The death penalty is inhuman and barbaric and should have no place in any society. Even those who may disagree with this fundamental moral principle cannot deny that capital punishment around the world is plagued by such massive problems that leave no other conclusion but to call for its universal abolition. 

In the US, 155 people on death row have been exonerated of their crimes since 1976, suggesting that many more innocent people have been sentenced to die and, in some cases, been executed. Then there is the inherent racial injustice. As study after study has shown, a black person accused of killing a white person is more likely to receive the death penalty than the white killer of a black person. Race and economic status, essentially the financial means to afford adequate legal representation, seem to be key factors in the sentence received. As the adage goes, “if you don’t have the capital, you will get the punishment.” 

In just over a week’s time, the State of Oklahoma plans to execute Richard Glossip, a man who was convicted 17 years ago for allegedly hiring another man to kill his employer. Following incriminating testimony from the man who actually swung the baseball bat that killed Barry Van Treese, Glossip was sentenced to die by lethal injection in Oklahoma’s death chamber. In a chilling twist, Oklahoma plans to use the same lethal injection protocol to execute Glossip that was used in the botched execution of Clayton Lockett last year. Lockett’s execution went so badly wrong that the Supreme Court took up the matter in Glossip v Gross. The case failed, and Glossip moved one step closer to the gurney.

Looking at the details of the case, there are plenty of reasons to believe that Glossip did not commit the crimes he was accused of. The conviction was based entirely on the killer’s testimony, which changed considerably over time. There is no physical evidence linking Glossip to the crime, and also no motive. But nonetheless, this total lack of evidence has not swayed state and federal courts to reconsider Mr Glossip’s execution and grant the reprieve he needs now to make his case.

As in many questionable cases before, from Troy Davis in Georgia to Cameron Todd Willingham in Texas, the system is moving mercilessly towards the scheduled death date. After his appeals have been exhausted, all of Glossip’s hopes now rest with Governor Mary Fallin, who has the executive power to issue a stay of his execution.

Thankfully, Mr.
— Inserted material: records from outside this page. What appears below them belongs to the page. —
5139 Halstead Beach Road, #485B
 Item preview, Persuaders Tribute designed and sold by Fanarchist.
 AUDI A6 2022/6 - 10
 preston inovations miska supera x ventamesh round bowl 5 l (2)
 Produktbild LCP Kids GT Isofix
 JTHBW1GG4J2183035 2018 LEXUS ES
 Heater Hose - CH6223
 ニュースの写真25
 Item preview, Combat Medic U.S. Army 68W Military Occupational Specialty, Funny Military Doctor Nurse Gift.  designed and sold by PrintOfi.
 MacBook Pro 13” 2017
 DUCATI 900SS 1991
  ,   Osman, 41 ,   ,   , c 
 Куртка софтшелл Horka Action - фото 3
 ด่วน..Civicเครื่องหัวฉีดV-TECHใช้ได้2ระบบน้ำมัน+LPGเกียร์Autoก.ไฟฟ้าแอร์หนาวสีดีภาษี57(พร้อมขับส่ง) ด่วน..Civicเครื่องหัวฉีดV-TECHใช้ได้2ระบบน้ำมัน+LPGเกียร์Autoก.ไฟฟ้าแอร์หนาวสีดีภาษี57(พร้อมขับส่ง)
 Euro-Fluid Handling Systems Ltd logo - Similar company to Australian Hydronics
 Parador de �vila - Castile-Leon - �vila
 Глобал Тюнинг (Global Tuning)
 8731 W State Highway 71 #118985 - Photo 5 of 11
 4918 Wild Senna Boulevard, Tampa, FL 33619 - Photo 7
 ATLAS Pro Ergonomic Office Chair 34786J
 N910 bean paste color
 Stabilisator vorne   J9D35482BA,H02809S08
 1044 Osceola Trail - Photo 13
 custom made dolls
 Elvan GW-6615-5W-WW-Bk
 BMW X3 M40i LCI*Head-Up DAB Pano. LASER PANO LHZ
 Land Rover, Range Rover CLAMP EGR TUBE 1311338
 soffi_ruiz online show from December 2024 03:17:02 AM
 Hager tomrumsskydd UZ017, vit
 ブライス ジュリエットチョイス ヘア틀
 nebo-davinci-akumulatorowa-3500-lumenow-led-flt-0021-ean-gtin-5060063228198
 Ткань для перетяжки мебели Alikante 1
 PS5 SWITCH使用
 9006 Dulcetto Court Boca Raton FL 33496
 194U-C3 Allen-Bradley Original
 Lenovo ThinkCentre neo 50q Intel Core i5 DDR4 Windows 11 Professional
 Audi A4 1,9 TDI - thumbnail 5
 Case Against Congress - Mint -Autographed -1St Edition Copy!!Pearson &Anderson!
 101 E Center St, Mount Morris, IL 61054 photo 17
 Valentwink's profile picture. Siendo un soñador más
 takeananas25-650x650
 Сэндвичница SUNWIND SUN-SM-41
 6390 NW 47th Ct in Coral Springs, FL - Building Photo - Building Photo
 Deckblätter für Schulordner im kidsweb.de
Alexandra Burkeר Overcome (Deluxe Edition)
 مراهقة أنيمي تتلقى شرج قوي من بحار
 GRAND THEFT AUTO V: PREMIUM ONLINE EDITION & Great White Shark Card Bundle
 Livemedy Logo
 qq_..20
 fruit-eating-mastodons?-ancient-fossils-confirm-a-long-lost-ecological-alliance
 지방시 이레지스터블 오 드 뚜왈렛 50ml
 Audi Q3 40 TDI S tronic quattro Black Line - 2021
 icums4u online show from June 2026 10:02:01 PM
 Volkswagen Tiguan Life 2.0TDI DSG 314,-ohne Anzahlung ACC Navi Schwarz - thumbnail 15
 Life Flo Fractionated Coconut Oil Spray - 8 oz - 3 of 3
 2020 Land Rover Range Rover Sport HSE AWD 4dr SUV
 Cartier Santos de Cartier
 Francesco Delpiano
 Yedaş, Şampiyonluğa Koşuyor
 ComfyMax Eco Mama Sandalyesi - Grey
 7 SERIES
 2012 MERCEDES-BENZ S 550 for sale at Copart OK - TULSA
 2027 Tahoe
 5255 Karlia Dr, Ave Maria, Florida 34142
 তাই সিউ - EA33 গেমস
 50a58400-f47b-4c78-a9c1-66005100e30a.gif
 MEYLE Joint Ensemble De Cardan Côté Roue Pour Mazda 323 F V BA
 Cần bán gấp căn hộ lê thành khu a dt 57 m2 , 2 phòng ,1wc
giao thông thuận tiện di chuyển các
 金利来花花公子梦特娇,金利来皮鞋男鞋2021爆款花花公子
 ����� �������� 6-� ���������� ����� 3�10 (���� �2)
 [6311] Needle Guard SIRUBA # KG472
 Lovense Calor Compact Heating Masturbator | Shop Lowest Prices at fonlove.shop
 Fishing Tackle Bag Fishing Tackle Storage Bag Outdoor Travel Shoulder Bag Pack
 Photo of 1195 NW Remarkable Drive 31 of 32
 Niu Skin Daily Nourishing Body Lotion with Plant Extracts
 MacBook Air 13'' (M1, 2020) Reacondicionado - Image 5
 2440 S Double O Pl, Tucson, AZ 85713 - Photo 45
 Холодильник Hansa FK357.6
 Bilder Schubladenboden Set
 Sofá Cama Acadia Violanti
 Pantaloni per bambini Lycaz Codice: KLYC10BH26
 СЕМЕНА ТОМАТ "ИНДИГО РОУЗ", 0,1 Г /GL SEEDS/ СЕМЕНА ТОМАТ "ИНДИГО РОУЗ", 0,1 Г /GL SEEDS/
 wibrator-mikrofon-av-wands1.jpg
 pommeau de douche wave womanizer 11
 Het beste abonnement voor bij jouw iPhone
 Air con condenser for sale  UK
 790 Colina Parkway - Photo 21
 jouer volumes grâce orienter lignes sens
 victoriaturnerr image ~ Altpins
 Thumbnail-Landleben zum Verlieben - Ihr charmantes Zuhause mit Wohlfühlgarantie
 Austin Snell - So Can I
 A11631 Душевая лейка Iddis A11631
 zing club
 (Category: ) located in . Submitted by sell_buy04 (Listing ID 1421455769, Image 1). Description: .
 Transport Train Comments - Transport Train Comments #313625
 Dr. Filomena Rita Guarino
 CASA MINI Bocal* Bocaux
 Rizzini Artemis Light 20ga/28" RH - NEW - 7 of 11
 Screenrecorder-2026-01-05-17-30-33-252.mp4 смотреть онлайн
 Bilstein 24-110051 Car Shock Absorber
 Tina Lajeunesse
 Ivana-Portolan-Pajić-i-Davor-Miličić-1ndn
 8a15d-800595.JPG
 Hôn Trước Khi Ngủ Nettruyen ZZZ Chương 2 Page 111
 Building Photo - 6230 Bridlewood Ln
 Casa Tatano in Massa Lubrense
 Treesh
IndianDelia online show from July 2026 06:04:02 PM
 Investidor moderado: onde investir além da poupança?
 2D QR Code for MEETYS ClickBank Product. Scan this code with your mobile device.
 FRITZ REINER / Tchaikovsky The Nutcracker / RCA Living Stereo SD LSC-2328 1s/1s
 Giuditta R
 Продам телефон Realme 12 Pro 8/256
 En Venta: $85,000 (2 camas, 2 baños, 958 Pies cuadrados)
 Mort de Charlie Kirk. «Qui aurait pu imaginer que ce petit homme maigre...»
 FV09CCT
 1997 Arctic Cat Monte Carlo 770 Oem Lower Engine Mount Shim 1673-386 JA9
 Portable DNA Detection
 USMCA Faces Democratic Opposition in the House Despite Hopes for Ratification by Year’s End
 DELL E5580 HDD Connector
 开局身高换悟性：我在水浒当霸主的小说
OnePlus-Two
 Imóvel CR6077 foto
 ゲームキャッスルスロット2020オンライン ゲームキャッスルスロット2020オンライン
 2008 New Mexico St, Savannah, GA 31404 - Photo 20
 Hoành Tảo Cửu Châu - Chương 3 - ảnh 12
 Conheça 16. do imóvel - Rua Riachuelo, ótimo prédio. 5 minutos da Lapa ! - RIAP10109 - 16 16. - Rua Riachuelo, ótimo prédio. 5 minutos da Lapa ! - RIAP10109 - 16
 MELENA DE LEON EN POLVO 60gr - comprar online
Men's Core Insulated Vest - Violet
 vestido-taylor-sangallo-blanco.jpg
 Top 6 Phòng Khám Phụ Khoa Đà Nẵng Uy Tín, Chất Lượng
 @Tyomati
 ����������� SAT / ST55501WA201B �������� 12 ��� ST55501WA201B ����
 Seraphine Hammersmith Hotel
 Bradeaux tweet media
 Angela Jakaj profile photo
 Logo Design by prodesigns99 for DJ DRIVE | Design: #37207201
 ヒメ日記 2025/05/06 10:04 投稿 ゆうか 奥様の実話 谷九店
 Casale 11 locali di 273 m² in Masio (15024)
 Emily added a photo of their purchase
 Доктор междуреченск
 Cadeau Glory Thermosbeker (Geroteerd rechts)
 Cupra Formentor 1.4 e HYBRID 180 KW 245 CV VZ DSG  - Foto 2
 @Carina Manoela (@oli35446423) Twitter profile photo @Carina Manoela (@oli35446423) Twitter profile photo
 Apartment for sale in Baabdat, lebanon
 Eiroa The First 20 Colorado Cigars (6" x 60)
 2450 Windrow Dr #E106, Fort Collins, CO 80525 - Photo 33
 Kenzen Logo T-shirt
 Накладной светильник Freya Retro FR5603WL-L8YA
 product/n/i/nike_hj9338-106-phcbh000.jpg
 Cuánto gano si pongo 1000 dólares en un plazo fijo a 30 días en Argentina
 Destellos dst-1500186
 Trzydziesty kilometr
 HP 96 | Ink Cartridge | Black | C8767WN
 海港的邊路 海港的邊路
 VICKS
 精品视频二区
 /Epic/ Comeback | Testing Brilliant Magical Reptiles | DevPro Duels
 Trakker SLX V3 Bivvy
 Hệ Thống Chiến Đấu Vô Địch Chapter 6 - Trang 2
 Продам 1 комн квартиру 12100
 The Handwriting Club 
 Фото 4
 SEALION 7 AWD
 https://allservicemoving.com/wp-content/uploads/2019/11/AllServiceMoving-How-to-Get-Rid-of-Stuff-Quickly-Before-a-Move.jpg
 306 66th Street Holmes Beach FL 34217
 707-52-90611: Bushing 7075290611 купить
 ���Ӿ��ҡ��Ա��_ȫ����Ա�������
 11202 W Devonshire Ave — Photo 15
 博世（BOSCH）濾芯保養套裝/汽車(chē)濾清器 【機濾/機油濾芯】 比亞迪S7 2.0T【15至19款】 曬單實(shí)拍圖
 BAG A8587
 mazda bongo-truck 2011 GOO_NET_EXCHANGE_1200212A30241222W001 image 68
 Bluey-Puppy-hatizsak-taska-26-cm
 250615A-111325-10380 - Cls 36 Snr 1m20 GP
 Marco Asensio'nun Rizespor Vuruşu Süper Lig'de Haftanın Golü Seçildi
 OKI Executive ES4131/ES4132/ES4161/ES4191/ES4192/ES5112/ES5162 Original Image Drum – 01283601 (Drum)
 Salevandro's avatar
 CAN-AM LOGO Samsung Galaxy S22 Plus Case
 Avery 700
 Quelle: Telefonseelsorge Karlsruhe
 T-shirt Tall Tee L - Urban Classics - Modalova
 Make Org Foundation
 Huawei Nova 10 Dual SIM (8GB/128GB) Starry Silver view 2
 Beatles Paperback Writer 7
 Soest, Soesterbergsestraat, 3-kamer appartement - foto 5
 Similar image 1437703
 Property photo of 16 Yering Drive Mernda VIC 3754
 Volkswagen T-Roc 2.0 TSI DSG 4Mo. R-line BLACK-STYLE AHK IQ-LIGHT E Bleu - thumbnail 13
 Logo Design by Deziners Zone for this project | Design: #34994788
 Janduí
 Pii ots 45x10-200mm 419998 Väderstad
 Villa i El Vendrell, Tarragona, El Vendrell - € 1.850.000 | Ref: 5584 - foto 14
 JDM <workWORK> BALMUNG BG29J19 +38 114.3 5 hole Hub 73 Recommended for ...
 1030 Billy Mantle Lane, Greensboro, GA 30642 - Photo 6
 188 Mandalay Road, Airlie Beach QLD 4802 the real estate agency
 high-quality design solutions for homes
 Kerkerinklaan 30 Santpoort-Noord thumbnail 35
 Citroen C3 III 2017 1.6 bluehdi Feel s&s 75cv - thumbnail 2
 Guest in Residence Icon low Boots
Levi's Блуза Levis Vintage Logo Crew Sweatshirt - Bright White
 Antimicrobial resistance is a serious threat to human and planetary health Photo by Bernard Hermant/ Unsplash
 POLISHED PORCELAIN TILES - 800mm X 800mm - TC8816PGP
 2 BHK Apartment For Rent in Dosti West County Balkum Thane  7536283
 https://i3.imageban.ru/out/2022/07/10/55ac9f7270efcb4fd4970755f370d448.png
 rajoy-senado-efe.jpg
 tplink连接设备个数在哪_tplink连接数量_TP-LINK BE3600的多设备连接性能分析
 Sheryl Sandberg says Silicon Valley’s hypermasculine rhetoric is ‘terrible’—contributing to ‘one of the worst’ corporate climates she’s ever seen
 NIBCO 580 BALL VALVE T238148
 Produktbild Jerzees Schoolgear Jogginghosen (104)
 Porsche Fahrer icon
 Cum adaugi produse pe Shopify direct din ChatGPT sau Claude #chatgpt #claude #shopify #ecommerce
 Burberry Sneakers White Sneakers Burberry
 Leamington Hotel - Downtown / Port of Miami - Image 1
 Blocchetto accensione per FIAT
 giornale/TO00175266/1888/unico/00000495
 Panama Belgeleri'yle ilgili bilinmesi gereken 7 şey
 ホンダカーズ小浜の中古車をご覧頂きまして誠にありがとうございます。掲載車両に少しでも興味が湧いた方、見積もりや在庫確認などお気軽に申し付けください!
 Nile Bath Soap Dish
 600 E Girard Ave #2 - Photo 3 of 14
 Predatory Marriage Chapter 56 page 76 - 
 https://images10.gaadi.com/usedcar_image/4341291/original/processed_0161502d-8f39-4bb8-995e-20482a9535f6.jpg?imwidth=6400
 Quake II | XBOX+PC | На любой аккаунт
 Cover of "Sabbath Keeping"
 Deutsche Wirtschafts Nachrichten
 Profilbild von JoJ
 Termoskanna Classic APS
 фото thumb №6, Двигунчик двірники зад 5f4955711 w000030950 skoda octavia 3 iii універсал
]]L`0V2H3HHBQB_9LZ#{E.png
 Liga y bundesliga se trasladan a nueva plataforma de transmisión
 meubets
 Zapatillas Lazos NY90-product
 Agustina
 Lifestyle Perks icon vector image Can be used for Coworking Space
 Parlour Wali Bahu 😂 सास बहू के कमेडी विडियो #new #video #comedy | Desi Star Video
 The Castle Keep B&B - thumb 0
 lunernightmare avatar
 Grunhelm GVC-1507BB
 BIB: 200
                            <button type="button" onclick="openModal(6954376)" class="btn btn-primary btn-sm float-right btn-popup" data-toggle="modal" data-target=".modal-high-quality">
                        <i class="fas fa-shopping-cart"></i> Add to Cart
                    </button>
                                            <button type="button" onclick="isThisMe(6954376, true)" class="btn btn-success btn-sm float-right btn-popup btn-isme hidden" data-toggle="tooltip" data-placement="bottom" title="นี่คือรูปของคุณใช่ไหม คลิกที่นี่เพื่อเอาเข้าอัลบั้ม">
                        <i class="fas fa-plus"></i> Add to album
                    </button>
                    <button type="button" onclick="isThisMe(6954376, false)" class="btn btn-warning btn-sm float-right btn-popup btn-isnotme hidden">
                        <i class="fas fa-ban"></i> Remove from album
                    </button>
Glossip’s case has received vocal support, most notably from Susan Sarandon, Sister Helen Prejean and Dr. Phil McGraw – who have started a petition to grant him a stay of execution.

I have decided to join their call for reprieve, convinced that it cannot be the will of the good people of Oklahoma to kill a man when so much reasonable doubt has been cast on his guilt. Ten death row prisoners have been exonerated in Oklahoma since 1976, four of them based on findings of false testimony.

I hope Governor Fallin will side with those who argue that Richard Glossip has not had a fair chance to make his case. Giving him another opportunity to prove his innocence is not being weak on crime, it’s being strong on justice.